§ **Your task**
Write out exactly what each line says, starting with the first line below and ending on the one with "Beautiful vintage metal".

[Information supplied]

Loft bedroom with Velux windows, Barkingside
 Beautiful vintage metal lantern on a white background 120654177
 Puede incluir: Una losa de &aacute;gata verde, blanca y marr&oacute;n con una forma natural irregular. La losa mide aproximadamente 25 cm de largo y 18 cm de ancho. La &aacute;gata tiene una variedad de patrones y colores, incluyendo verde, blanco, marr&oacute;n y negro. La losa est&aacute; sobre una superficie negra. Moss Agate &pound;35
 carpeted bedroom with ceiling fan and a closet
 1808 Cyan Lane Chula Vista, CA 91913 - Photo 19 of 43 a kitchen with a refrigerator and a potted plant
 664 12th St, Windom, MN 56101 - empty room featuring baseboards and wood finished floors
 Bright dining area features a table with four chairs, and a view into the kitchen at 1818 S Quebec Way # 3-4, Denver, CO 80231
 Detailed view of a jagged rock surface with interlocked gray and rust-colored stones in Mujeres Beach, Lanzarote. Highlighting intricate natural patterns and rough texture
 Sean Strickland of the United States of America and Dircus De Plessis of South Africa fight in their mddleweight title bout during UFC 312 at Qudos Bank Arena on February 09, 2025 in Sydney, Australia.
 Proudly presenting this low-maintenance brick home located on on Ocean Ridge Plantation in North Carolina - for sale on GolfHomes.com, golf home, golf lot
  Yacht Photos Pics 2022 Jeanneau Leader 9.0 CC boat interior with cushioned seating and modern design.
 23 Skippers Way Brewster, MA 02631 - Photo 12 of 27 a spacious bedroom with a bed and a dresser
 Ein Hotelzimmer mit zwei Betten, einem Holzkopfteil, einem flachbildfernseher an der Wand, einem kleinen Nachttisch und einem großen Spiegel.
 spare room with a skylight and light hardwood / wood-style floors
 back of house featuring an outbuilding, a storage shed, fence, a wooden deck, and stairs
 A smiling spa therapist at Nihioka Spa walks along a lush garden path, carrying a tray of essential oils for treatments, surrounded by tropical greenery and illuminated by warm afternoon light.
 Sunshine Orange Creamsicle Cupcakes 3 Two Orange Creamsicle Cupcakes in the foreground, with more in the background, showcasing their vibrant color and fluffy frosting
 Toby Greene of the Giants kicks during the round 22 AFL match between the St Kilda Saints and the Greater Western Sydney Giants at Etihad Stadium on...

[/Information supplied]

§ **Solution for this task**
Loft bedroom with Velux windows, Barkingside
 Beautiful vintage metal lantern on a white background 120654177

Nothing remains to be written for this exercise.